The appraiser taxpayer used was a “qualified expert in the field of real estate appraisal and valuation.” In his report, the appraiser used the sales comparison approach to determine that the estimated market value of the property was $1,015,000 as of the appraisal date. Looking at historical comparisons of attached row homes in New York City, the appraiser determined that the façade easement value was about 11% to 11.5% of the total value of the property. Using these estimates the appraiser found that the value of the façade conservation easement would be estimated at $115,000 or 11.33% of the fee simple value of the property.

NAT accepted the appraisal and the City of New York recorded the conservation deed of easement for the property. Taxpayer attached Form 8283 to her 2004 tax return reporting a $115,000 gift to charity. She applied part of the deduction to her 2004 return and carried over $63,083 of the reported contribution to her 2005 and 2006 tax returns.

The IRS conducted an examination of Ms. Scheidelman and disallowed the deductions for her conservation easement in all three years. The IRS issued a notice of deficiency and Ms. Scheidelman filed a petition with the United States Tax Court. The Tax Court held that Ms. Scheidelman did not meet the threshold statutory requirement to deduct her donation because she did not have a “qualified appraisal.”

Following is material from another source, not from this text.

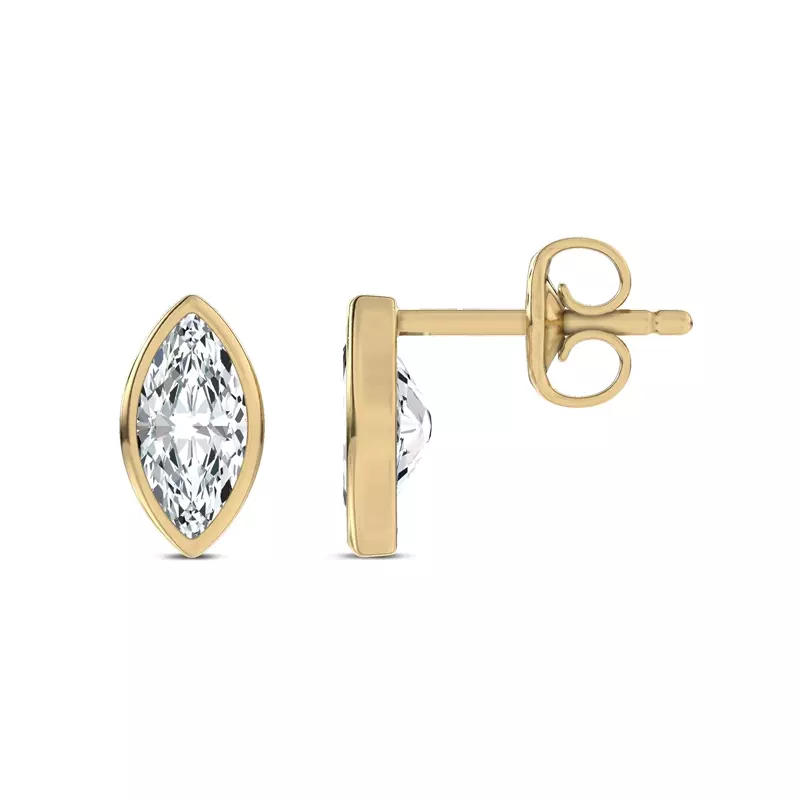 14K Yellow Gold Maravina Bezel Lab Studs by Christian Siriano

The Tax Court noted that the Form 8283 attached to taxpayer’s 2004 tax return did not include the date and manner of acquisition of the property or the cost or other basis of the property contributed. While these issues were not controlling, the Court noted, “there has not been strict compliance with the regulation requirements.” Particularly, the Tax Court took issue with the basis for the appraised value. Citing Friedman v. Commissioner, T.C. Memo. 2010-45, the Court emphasized the need for “reasoned analysis” and information about the valuation method to complete a “qualified appraisal.”

The Tax Court rejected the appraiser’s idea that façade easements were generally valued between 10% and 15% of the total property value. The Court relied on Nicoladis v. Commissioner, T.C. Memo. 1988-163, to emphasize the point that valuation is a question of facts and circumstances. For that reason the Court rejected the appraiser’s report because it “failed to outline and analyze qualitative factors for the Vanderbilt property.” The application of a percentage of value lost because of the easement without a detailed explanation was not enough to constitute a valid method of valuation under Treas. Reg. § 1.170A-13(c)(3)(ii). The Tax Court did not address the valuation of the easement.

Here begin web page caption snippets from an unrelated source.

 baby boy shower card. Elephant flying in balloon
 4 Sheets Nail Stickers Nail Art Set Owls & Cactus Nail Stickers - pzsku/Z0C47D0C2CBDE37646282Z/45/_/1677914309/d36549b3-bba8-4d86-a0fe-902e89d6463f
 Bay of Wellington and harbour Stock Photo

The Tax Court considered two other issues including whether the taxpayer’s payment to NAT was deductible as a charitable contribution and whether the taxpayer was liable for an accuracy related penalty under IRC § 6662. The Court found that the payments to NAT were not deductible because taxpayer failed to provide evidence necessary to show that they did not receive anything of substantial value in return for the cash payment. The taxpayer did not have to pay the § 6662 penalty because she reasonably relied on a competent tax professional and acted in good faith as to any underpayment for 2004.